Taking the line with "The syntax of the" as the first and the line with "So now that" as the last, set down exactly every line in that range from the entries below, and no more.
[[ DATA TO PROCESS, beginning ]]
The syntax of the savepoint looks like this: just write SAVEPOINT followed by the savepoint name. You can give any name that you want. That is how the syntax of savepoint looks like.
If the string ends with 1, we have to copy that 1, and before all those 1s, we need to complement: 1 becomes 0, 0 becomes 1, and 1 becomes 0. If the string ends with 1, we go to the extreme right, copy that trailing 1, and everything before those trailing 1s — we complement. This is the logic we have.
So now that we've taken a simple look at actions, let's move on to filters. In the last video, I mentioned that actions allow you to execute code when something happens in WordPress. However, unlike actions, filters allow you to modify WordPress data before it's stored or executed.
[[ DATA TO PROCESS, end ]]
[[ DATA TO PROCESS, beginning ]]
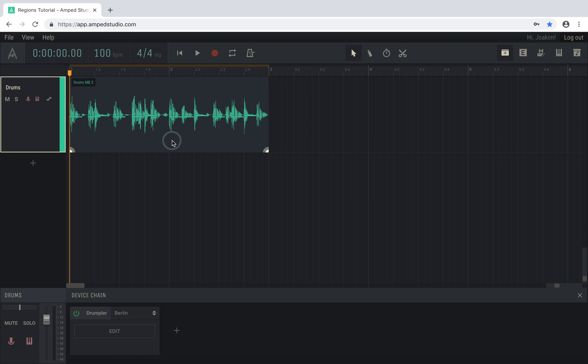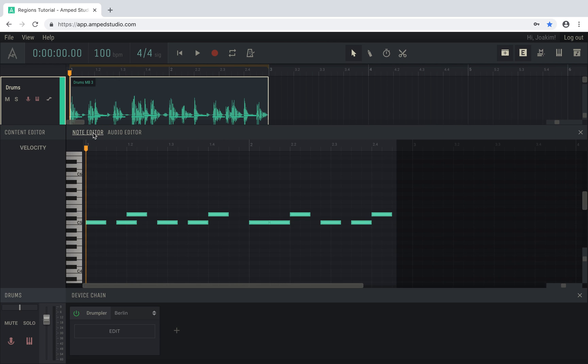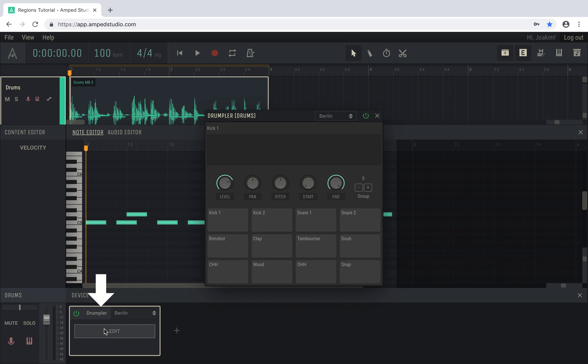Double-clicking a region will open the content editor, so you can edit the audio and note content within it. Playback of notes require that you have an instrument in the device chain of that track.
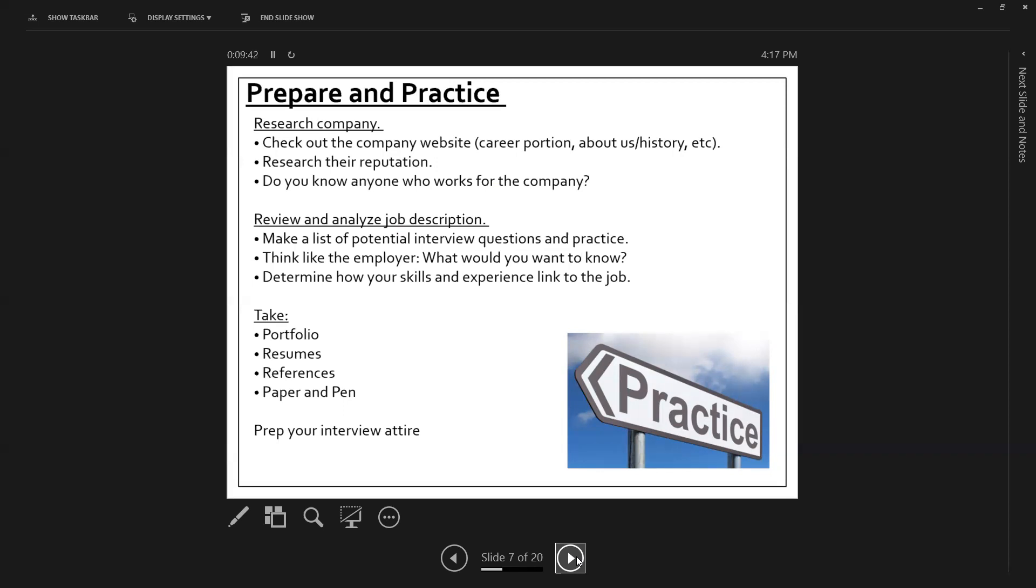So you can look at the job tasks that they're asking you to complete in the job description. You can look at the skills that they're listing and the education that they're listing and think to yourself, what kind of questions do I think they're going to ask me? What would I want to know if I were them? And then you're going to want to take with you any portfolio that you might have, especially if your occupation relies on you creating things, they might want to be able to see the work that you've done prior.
[[ DATA TO PROCESS, end ]]
[[ DATA TO PROCESS, beginning ]]
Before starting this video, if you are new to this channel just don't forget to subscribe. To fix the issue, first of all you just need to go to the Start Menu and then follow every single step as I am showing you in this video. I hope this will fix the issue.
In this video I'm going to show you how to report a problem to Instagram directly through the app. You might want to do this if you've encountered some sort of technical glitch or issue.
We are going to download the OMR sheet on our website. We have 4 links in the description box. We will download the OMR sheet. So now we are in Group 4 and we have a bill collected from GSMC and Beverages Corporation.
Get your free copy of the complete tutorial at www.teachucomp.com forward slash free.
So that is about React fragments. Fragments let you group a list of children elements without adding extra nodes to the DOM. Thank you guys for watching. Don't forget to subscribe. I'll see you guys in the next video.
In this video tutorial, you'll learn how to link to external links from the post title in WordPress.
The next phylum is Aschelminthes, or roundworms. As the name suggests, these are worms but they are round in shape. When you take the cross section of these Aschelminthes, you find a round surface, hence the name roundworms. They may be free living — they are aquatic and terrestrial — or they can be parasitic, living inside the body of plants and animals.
[[ DATA TO PROCESS, end ]]
EXPECTED ANSWER
The syntax of the savepoint looks like this: just write SAVEPOINT followed by the savepoint name. You can give any name that you want. That is how the syntax of savepoint looks like.
If the string ends with 1, we have to copy that 1, and before all those 1s, we need to complement: 1 becomes 0, 0 becomes 1, and 1 becomes 0. If the string ends with 1, we go to the extreme right, copy that trailing 1, and everything before those trailing 1s — we complement. This is the logic we have.
So now that we've taken a simple look at actions, let's move on to filters. In the last video, I mentioned that actions allow you to execute code when something happens in WordPress. However, unlike actions, filters allow you to modify WordPress data before it's stored or executed.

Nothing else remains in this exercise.